*Items from a data source:*
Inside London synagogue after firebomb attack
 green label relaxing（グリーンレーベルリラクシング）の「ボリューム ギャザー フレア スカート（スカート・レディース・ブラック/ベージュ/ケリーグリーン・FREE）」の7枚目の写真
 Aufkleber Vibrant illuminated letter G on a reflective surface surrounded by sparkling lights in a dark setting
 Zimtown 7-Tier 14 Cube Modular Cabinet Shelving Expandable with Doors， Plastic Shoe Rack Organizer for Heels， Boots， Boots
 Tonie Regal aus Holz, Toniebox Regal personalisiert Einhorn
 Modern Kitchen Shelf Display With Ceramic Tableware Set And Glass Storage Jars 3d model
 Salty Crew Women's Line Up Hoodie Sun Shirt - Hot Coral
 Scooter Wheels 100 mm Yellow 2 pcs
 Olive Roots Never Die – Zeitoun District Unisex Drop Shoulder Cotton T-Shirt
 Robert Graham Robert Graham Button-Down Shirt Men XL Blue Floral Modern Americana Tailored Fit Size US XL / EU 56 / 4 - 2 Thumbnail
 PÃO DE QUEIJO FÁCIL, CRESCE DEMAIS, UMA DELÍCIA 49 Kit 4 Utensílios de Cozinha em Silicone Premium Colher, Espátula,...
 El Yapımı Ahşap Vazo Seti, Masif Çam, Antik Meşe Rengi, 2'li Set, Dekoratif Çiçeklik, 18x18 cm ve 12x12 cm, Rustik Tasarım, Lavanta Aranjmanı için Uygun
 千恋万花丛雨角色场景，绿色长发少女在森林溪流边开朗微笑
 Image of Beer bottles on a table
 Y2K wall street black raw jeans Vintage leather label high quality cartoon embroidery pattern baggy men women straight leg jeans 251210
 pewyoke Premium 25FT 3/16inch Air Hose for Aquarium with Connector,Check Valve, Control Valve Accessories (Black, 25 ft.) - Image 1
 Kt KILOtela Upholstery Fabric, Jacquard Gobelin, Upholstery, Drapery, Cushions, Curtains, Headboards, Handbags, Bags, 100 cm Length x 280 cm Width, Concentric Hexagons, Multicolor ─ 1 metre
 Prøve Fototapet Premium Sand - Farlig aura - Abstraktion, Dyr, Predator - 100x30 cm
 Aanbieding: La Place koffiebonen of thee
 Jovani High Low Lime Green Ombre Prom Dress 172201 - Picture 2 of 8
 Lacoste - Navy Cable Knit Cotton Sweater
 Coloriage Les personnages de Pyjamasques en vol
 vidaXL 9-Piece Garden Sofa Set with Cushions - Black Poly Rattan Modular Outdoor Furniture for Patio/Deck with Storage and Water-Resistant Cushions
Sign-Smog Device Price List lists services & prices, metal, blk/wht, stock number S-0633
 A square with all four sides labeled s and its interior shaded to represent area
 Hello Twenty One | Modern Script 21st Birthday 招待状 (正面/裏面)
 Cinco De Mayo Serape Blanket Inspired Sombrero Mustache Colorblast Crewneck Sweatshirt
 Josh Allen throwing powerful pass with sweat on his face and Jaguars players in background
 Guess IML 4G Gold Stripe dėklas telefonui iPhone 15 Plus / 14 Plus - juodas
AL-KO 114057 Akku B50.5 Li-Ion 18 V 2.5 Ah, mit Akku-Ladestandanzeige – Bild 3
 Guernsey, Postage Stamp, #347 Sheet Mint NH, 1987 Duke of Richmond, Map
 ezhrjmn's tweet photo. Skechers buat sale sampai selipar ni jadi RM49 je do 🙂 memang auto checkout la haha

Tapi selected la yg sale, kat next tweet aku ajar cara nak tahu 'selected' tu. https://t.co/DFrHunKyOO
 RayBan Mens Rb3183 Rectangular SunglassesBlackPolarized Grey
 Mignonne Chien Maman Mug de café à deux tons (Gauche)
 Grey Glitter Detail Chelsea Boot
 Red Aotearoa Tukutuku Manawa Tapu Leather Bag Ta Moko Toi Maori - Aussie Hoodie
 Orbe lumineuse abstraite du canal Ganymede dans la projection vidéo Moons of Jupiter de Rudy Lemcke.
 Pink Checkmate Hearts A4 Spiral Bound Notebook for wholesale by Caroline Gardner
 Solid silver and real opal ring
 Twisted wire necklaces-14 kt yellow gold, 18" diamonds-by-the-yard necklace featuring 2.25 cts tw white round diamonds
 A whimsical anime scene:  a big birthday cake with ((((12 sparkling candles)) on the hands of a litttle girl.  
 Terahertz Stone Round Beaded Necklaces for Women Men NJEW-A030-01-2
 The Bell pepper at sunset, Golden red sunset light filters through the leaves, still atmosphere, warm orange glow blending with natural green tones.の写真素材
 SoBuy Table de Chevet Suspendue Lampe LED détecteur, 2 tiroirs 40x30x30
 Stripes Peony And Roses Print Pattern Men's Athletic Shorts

*What is required:*
Only the lines containing "Storage" are needed; copy each of them from the data.

*Written response:*
 Modern Kitchen Shelf Display With Ceramic Tableware Set And Glass Storage Jars 3d model
 vidaXL 9-Piece Garden Sofa Set with Cushions - Black Poly Rattan Modular Outdoor Furniture for Patio/Deck with Storage and Water-Resistant Cushions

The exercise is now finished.